REQUIRED ACTION –
Among the lines of data below, reproduce only those from the one with "A set of four" through the one with "Bedroom featuring neutral", exactly as they stand, both ends included.
___ SUPPLIED MATERIAL ___
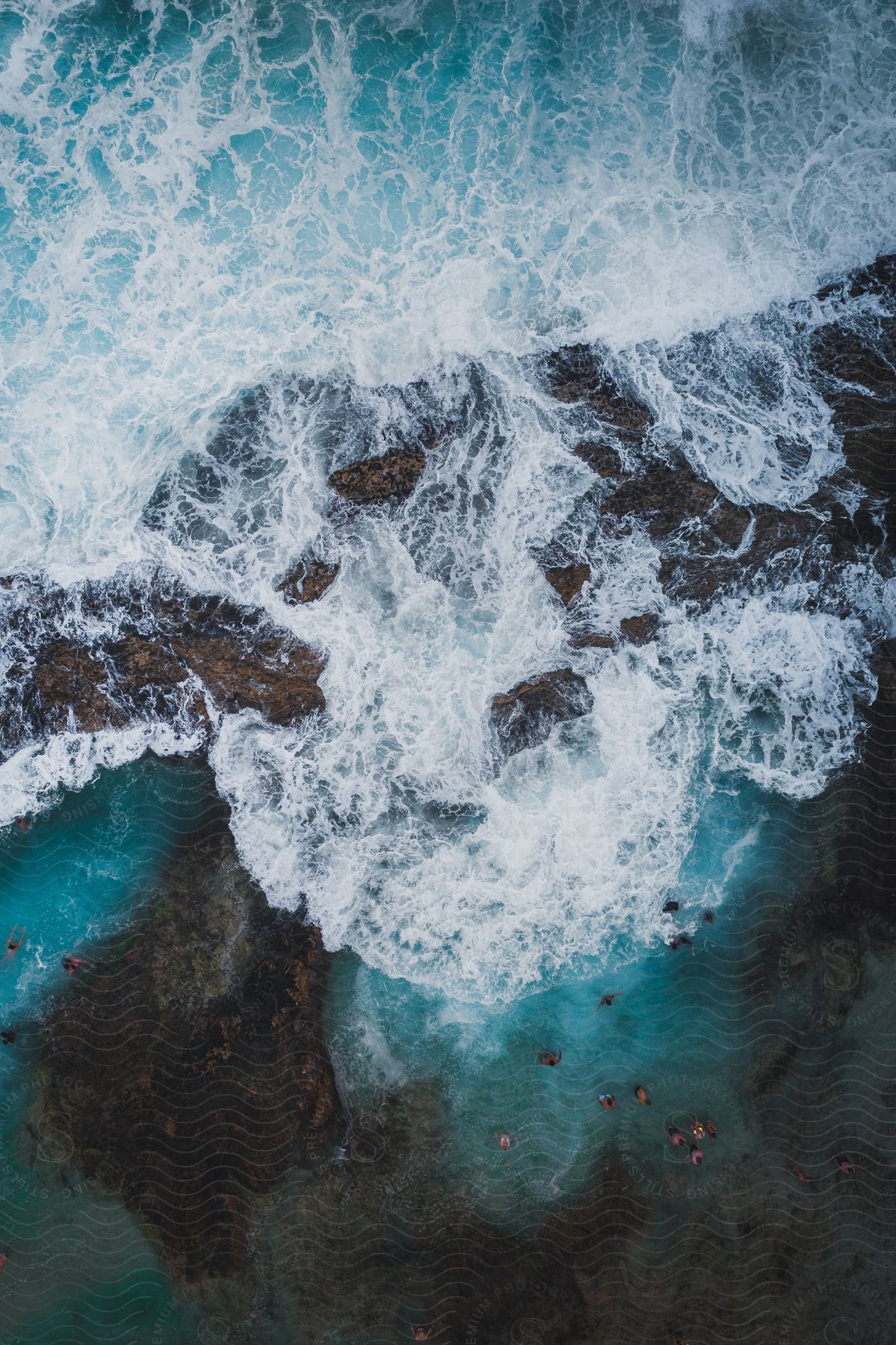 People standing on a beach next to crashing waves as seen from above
___
___ SUPPLIED MATERIAL ___
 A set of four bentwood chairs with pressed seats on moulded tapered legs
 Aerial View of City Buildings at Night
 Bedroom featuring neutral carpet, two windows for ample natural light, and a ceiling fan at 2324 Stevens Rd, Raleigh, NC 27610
___
___ SUPPLIED MATERIAL ___
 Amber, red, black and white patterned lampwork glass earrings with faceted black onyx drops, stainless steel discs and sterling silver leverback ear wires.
___
TASK RESULT –
 A set of four bentwood chairs with pressed seats on moulded tapered legs
 Aerial View of City Buildings at Night
 Bedroom featuring neutral carpet, two windows for ample natural light, and a ceiling fan at 2324 Stevens Rd, Raleigh, NC 27610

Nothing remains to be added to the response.